Smallest Subtree with all the Deepest Nodes

Given the root of a binary tree, the depth of each node is the shortest distance to the root.

Return the smallest subtree such that it contains all the deepest nodes in the original tree.

A node is called the deepest if it has the largest depth possible among any node in the entire tree.

The subtree of a node is a tree consisting of that node, plus the set of all descendants of that node.

 

Example 1:

Input: root = [3,5,1,6,2,0,8,null,null,7,4]
Output: [2,7,4]
Explanation: We return the node with value 2, colored in yellow in the diagram.
The nodes coloured in blue are the deepest nodes of the tree.
Notice that nodes 5, 3 and 2 contain the deepest nodes in the tree but node 2 is the smallest subtree among them, so we return it.

Example 2:

Input: root = [1]
Output: [1]
Explanation: The root is the deepest node in the tree.

Example 3:

Input: root = [0,1,3,null,2]
Output: [2]
Explanation: The deepest node in the tree is 2, the valid subtrees are the subtrees of nodes 2, 1 and 0 but the subtree of node 2 is the smallest.

 

Constraints:

  • The number of nodes in the tree will be in the range [1, 500].
  • 0 <= Node.val <= 500
  • The values of the nodes in the tree are unique.

 

Note: This question is the same as 1123: https://leetcode.com/problems/lowest-common-ancestor-of-deepest-leaves/

Solution Explanation: Smallest Subtree with all Deepest Nodes

This problem asks to find the smallest subtree containing all the deepest nodes in a given binary tree.
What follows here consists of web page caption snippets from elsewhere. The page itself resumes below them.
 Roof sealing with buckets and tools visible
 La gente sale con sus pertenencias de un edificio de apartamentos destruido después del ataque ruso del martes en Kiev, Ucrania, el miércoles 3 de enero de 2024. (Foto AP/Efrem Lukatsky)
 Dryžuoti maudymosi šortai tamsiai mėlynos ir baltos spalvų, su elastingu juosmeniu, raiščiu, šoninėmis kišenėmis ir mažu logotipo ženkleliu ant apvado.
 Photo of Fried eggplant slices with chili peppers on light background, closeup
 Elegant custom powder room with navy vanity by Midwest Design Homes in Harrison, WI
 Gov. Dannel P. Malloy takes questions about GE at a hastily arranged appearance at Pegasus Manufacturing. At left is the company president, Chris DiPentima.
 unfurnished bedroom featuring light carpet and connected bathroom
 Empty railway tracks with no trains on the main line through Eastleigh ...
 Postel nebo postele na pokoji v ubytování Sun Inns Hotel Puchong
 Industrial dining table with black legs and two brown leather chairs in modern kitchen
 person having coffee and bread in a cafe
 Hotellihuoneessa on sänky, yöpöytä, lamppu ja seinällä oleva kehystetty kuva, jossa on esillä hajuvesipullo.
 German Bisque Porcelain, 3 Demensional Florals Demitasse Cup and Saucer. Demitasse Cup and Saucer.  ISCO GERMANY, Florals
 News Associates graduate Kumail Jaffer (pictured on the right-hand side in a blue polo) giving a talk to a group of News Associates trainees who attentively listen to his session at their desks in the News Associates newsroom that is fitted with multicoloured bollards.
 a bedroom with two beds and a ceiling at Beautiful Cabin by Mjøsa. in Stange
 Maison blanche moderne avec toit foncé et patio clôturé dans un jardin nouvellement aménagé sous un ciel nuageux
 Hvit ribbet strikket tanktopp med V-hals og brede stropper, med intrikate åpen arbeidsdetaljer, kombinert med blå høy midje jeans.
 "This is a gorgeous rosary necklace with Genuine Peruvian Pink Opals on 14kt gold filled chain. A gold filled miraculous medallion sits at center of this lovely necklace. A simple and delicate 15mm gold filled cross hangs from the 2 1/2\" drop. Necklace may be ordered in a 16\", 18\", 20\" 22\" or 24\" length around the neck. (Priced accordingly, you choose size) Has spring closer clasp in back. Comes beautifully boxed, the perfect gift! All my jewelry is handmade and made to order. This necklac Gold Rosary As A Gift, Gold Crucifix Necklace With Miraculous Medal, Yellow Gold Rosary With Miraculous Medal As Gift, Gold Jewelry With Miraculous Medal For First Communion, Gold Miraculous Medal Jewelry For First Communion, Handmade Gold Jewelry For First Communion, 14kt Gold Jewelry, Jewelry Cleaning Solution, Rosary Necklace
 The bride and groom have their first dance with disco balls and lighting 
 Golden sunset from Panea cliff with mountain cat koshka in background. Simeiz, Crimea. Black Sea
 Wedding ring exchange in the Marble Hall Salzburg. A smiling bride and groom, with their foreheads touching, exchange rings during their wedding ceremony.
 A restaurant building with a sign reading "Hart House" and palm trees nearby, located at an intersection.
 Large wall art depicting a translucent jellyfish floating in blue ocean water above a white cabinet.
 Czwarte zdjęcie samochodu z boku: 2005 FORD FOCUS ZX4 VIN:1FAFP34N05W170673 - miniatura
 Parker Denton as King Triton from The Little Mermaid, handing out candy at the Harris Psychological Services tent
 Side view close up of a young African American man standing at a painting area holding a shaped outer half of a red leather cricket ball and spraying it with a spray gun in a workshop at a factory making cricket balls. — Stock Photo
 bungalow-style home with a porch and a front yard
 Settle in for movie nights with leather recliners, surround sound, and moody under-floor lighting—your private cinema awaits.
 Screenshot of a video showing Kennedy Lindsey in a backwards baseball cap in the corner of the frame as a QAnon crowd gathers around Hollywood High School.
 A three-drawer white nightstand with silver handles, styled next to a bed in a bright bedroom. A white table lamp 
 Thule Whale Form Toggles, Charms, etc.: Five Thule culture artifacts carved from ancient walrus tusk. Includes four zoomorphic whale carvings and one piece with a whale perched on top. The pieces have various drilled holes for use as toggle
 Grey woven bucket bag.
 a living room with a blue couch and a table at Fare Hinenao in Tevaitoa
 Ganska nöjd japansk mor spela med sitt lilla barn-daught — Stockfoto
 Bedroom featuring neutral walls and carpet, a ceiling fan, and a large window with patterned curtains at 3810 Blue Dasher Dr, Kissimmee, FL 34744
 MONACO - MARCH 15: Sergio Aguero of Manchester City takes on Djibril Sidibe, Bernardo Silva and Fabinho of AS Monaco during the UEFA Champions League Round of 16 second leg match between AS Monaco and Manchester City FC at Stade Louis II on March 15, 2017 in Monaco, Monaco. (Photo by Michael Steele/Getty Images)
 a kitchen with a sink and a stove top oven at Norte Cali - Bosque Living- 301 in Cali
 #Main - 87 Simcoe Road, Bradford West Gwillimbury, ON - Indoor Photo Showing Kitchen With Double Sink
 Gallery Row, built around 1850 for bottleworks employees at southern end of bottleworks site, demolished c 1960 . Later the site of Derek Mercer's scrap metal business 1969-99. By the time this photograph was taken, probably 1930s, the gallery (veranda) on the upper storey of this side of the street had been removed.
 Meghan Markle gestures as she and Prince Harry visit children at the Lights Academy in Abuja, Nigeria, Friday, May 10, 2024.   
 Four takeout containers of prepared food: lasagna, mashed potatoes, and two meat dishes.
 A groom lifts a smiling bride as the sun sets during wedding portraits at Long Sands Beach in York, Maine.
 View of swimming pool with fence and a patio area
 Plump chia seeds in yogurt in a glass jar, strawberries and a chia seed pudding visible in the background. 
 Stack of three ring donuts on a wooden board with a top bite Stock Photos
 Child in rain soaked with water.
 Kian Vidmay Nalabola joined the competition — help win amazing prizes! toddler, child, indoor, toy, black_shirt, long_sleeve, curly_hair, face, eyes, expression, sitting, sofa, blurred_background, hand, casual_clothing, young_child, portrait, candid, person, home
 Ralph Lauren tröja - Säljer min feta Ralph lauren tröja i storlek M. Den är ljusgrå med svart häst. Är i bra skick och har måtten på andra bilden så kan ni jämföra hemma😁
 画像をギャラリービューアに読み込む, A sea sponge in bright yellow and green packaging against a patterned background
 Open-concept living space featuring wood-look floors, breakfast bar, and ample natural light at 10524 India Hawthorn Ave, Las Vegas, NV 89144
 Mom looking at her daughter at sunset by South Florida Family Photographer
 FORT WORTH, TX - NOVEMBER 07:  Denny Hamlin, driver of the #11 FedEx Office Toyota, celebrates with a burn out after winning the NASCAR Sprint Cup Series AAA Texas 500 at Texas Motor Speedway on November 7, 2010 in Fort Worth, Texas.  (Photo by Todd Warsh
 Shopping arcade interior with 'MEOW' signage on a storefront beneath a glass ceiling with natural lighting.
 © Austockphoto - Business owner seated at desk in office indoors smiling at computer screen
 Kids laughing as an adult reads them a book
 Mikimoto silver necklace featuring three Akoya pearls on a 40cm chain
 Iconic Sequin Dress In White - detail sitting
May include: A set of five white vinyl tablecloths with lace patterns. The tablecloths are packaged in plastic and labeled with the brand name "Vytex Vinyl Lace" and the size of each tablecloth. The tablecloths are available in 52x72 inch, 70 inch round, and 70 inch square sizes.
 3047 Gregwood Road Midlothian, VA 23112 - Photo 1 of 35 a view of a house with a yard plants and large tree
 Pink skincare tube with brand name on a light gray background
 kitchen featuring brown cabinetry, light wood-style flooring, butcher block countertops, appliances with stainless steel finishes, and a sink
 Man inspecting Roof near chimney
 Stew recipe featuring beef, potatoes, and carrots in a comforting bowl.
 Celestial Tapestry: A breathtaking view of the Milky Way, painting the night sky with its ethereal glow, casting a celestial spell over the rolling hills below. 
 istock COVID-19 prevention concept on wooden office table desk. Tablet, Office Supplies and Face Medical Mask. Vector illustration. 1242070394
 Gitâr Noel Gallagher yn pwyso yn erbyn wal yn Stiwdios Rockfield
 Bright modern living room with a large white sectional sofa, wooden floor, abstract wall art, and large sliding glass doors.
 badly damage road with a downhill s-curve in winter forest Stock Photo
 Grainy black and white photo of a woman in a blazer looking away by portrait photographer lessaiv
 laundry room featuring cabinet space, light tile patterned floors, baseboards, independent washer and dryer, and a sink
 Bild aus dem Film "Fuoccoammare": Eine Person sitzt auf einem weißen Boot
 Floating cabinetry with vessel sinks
The solution uses a depth-first search (DFS) approach to efficiently find this subtree.

Approach:

The core idea is to perform a post-order traversal of the tree. For each node, we need to know:

  1. The depth of the subtree rooted at that node: This is calculated recursively by adding 1 to the maximum depth of its left and right subtrees.

  2. The smallest subtree containing all deepest nodes of its subtree: This is the crucial part.

    • If the left subtree is deeper than the right subtree, the smallest subtree is the result from the left subtree.
    • If the right subtree is deeper, the smallest subtree is the result from the right subtree.
    • If both subtrees have the same depth, the current node itself is the smallest subtree because it's the lowest common ancestor of all deepest nodes in its subtree.

Algorithm:

The dfs function recursively processes each node:

  1. Base Case: If the node is null, return null (no subtree) and depth 0.

  2. Recursive Step:

    • Recursively call dfs on the left and right children to get their smallest subtrees (leftSubtree, rightSubtree) and their depths (leftDepth, rightDepth).
    • Compare leftDepth and rightDepth:
      • If leftDepth > rightDepth, the smallest subtree is leftSubtree, and the depth is leftDepth + 1.
      • If leftDepth < rightDepth, the smallest subtree is rightSubtree, and the depth is rightDepth + 1.
      • If leftDepth == rightDepth, the current node is the smallest subtree, and the depth is leftDepth + 1.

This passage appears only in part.